(Data records)
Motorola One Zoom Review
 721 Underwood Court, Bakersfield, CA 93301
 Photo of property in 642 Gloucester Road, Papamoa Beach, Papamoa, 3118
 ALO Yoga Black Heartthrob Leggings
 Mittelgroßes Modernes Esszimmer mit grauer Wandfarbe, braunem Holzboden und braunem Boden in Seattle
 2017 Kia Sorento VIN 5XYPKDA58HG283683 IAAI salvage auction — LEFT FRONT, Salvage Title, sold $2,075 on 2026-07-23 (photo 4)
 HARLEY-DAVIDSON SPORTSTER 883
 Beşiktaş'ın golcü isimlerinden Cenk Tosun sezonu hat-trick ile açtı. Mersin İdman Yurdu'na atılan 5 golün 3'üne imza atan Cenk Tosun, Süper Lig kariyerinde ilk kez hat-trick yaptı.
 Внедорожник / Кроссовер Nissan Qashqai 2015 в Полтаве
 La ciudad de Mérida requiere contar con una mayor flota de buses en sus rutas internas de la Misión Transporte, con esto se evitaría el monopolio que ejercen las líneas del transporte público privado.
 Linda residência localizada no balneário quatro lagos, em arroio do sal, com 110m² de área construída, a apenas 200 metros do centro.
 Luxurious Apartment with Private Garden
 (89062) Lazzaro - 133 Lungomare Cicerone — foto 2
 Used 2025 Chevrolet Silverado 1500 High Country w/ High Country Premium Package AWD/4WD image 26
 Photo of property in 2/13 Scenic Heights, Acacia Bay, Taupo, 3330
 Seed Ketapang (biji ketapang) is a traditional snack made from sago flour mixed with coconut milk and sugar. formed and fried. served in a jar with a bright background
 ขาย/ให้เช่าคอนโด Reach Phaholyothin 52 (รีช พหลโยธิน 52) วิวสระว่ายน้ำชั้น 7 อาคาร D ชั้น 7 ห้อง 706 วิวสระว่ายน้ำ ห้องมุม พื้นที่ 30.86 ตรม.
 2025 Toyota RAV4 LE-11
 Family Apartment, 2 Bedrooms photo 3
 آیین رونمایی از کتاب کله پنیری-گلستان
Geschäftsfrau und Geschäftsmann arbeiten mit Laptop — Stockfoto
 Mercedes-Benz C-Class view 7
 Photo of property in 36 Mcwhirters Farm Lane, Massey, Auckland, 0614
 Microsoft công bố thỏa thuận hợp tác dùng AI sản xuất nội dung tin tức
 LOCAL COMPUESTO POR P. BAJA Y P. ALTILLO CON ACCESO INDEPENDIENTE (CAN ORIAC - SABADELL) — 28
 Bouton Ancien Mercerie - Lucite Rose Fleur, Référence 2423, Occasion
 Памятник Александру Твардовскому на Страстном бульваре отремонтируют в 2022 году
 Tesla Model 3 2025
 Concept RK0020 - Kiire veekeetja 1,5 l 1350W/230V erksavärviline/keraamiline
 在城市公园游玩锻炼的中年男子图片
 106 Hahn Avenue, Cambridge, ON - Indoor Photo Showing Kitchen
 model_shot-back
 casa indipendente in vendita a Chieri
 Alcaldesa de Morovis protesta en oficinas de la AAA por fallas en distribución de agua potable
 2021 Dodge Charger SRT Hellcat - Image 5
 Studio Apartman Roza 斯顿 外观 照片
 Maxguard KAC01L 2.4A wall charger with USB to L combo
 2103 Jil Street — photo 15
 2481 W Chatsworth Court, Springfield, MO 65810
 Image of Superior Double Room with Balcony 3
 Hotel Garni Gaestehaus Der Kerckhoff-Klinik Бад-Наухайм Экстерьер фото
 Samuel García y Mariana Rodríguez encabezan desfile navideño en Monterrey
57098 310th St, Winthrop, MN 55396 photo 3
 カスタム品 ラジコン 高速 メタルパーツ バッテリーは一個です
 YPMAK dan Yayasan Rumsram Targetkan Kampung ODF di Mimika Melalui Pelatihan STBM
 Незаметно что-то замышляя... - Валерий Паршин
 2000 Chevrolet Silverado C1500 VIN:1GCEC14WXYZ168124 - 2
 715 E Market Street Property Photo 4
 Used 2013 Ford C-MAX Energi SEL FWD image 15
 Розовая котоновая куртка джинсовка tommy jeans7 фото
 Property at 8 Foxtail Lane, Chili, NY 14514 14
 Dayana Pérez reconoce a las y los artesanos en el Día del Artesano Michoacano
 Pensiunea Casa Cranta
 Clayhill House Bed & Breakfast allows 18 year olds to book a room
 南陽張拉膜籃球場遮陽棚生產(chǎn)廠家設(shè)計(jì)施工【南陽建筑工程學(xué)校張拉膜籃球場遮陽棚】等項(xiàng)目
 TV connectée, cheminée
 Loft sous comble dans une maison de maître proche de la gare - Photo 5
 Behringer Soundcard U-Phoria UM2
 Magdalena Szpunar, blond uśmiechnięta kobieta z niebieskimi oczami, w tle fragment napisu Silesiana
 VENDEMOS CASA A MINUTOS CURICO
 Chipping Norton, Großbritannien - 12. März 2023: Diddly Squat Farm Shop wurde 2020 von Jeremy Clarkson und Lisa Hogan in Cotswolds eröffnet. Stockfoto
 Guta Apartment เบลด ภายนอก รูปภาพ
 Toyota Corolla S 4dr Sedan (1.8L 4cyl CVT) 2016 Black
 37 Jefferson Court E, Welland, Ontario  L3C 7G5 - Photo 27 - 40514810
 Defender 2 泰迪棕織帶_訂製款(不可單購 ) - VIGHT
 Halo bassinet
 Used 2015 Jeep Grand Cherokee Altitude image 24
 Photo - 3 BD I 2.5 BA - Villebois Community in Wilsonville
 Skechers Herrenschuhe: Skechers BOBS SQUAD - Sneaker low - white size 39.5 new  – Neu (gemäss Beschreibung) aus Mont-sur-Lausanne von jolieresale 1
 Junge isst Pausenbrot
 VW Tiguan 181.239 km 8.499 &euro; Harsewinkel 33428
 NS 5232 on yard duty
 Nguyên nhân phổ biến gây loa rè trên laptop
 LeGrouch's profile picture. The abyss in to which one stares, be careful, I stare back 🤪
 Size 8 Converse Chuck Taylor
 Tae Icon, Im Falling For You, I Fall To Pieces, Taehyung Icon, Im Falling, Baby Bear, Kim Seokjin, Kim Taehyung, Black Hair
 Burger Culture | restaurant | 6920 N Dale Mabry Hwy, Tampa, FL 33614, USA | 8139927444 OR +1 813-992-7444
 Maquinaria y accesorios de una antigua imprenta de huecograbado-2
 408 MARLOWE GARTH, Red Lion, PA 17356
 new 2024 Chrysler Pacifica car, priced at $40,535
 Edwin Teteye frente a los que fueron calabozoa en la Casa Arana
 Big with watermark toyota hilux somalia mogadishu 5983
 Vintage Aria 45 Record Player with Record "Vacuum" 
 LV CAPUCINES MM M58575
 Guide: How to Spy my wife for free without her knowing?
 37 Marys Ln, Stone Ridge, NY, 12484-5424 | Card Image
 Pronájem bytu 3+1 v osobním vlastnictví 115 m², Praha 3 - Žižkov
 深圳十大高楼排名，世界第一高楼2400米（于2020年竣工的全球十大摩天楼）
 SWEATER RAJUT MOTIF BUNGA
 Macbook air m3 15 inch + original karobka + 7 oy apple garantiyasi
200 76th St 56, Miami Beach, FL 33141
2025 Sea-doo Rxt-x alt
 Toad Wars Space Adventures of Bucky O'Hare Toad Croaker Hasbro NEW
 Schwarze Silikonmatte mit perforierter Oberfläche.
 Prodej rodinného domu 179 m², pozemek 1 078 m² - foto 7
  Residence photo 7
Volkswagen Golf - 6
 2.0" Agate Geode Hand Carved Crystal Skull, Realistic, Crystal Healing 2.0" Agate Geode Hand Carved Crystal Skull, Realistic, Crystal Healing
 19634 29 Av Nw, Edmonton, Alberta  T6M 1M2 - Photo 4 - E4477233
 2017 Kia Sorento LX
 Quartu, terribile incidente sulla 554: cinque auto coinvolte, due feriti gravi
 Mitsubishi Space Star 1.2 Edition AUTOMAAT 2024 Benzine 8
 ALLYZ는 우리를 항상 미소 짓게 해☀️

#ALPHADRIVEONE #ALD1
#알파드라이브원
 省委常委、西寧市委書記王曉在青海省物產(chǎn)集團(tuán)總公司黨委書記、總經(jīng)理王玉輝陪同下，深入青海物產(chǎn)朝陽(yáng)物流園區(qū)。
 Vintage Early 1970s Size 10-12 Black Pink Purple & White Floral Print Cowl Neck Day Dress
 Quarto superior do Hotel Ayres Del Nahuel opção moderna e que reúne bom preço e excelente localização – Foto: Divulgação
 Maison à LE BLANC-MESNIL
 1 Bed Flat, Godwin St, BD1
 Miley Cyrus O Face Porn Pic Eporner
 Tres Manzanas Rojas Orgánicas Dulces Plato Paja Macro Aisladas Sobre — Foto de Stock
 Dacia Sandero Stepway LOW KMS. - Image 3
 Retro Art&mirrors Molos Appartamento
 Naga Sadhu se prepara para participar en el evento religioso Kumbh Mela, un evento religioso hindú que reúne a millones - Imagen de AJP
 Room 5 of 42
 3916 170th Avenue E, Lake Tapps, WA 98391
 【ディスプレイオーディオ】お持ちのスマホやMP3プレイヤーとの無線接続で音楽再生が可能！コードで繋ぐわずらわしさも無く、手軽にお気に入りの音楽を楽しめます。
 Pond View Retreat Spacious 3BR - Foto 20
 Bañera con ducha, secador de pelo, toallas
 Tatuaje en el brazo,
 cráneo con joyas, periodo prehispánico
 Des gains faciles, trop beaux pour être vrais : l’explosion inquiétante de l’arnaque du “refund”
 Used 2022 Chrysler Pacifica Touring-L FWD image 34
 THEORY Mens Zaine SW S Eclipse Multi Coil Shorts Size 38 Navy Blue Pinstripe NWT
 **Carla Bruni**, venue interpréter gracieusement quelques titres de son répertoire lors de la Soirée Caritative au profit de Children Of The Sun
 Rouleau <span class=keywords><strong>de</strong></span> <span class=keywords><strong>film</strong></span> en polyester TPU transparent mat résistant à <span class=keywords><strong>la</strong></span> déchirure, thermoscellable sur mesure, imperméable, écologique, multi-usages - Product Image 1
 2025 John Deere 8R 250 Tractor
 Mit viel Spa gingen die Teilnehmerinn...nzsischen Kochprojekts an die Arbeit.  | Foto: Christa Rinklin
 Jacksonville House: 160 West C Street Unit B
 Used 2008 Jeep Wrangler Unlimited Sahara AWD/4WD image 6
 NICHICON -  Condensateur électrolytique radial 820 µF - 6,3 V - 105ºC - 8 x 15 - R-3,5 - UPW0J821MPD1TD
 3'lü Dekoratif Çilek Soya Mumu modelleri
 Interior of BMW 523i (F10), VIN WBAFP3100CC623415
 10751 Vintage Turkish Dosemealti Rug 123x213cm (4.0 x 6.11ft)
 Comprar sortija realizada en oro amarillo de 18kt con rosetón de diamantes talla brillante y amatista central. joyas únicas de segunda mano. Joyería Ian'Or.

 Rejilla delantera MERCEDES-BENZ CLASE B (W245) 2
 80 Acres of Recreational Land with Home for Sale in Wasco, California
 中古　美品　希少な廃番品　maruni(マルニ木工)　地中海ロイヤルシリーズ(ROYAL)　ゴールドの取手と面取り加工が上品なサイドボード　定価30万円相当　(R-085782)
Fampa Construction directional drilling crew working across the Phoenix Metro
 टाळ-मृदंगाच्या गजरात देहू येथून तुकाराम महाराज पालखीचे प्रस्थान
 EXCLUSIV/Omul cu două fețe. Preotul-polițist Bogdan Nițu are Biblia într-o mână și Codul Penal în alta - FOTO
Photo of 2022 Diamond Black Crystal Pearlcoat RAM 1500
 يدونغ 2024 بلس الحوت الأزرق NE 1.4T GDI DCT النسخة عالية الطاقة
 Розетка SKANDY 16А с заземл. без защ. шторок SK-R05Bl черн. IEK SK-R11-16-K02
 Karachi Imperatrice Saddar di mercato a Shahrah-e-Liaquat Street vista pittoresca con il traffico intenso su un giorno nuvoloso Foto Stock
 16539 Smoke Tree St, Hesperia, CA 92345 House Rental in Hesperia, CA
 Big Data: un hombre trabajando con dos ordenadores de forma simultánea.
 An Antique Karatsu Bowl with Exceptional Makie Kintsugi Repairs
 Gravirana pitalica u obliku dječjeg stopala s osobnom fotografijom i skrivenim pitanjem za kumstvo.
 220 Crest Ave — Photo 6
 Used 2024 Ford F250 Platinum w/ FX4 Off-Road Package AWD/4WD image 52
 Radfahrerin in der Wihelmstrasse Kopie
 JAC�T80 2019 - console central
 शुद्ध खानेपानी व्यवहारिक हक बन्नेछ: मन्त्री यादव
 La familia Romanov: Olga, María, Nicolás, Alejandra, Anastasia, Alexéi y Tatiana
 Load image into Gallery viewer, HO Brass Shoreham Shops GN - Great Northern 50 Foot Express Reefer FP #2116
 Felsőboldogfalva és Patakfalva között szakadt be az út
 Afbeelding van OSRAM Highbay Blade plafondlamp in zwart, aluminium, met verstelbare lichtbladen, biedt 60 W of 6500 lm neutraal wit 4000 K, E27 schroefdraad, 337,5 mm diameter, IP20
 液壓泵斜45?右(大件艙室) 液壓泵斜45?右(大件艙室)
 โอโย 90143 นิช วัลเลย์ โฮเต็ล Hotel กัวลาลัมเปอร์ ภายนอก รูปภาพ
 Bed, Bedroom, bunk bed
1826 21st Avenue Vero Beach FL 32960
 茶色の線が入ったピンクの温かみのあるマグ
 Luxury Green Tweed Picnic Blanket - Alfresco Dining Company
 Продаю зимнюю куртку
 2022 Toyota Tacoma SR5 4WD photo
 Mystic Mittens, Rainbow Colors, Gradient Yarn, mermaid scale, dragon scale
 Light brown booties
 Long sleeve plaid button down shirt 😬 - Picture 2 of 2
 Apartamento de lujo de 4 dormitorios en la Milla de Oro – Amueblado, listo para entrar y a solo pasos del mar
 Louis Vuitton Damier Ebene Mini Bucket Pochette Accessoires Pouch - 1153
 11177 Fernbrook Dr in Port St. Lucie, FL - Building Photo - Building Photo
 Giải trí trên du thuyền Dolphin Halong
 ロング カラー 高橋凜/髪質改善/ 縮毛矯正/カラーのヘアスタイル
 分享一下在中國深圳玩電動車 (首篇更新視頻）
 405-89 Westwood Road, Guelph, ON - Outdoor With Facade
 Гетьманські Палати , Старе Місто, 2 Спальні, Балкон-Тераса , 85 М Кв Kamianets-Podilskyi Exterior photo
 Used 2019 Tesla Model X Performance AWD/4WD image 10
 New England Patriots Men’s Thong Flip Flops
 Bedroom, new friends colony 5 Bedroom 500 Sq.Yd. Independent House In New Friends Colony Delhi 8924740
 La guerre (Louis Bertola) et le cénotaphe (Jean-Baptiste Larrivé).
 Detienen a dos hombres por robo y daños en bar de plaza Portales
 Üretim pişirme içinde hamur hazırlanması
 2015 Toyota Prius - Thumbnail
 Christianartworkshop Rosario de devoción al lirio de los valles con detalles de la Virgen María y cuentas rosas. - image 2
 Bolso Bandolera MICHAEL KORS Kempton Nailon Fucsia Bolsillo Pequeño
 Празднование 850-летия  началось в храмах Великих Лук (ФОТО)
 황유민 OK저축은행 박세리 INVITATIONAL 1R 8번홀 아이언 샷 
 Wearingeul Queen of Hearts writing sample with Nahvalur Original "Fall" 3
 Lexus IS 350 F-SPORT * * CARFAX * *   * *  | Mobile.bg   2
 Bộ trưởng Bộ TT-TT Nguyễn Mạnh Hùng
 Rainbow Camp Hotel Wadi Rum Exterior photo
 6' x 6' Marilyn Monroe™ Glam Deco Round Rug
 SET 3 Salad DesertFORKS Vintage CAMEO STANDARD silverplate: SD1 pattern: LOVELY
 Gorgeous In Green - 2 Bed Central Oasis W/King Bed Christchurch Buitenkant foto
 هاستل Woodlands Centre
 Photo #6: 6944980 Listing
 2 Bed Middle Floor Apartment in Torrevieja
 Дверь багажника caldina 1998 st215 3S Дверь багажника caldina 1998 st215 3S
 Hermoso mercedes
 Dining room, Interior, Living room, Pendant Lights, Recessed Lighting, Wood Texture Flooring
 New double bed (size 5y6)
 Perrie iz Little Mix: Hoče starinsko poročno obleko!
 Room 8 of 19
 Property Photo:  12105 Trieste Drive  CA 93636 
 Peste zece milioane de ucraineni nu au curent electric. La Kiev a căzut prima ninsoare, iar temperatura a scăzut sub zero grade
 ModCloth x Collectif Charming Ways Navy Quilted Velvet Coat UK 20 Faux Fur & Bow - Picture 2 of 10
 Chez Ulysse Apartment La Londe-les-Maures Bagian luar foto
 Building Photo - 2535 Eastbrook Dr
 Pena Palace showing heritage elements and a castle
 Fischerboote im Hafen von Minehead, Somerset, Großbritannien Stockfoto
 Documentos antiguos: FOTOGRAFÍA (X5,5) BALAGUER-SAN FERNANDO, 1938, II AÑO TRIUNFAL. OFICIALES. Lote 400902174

● **INSTRUCTIONS FOR THE TASK**
Retype the entries exactly from the first line, stopping after the line with "Bouton Ancien Mercerie".

● **COMPLETED TASK**
Motorola One Zoom Review
 721 Underwood Court, Bakersfield, CA 93301
 Photo of property in 642 Gloucester Road, Papamoa Beach, Papamoa, 3118
 ALO Yoga Black Heartthrob Leggings
 Mittelgroßes Modernes Esszimmer mit grauer Wandfarbe, braunem Holzboden und braunem Boden in Seattle
 2017 Kia Sorento VIN 5XYPKDA58HG283683 IAAI salvage auction — LEFT FRONT, Salvage Title, sold $2,075 on 2026-07-23 (photo 4)
 HARLEY-DAVIDSON SPORTSTER 883
 Beşiktaş'ın golcü isimlerinden Cenk Tosun sezonu hat-trick ile açtı. Mersin İdman Yurdu'na atılan 5 golün 3'üne imza atan Cenk Tosun, Süper Lig kariyerinde ilk kez hat-trick yaptı.
 Внедорожник / Кроссовер Nissan Qashqai 2015 в Полтаве
 La ciudad de Mérida requiere contar con una mayor flota de buses en sus rutas internas de la Misión Transporte, con esto se evitaría el monopolio que ejercen las líneas del transporte público privado.
 Linda residência localizada no balneário quatro lagos, em arroio do sal, com 110m² de área construída, a apenas 200 metros do centro.
 Luxurious Apartment with Private Garden
 (89062) Lazzaro - 133 Lungomare Cicerone — foto 2
 Used 2025 Chevrolet Silverado 1500 High Country w/ High Country Premium Package AWD/4WD image 26
 Photo of property in 2/13 Scenic Heights, Acacia Bay, Taupo, 3330
 Seed Ketapang (biji ketapang) is a traditional snack made from sago flour mixed with coconut milk and sugar. formed and fried. served in a jar with a bright background
 ขาย/ให้เช่าคอนโด Reach Phaholyothin 52 (รีช พหลโยธิน 52) วิวสระว่ายน้ำชั้น 7 อาคาร D ชั้น 7 ห้อง 706 วิวสระว่ายน้ำ ห้องมุม พื้นที่ 30.86 ตรม.
 2025 Toyota RAV4 LE-11
 Family Apartment, 2 Bedrooms photo 3
 آیین رونمایی از کتاب کله پنیری-گلستان
Geschäftsfrau und Geschäftsmann arbeiten mit Laptop — Stockfoto
 Mercedes-Benz C-Class view 7
 Photo of property in 36 Mcwhirters Farm Lane, Massey, Auckland, 0614
 Microsoft công bố thỏa thuận hợp tác dùng AI sản xuất nội dung tin tức
 LOCAL COMPUESTO POR P. BAJA Y P. ALTILLO CON ACCESO INDEPENDIENTE (CAN ORIAC - SABADELL) — 28
 Bouton Ancien Mercerie - Lucite Rose Fleur, Référence 2423, Occasion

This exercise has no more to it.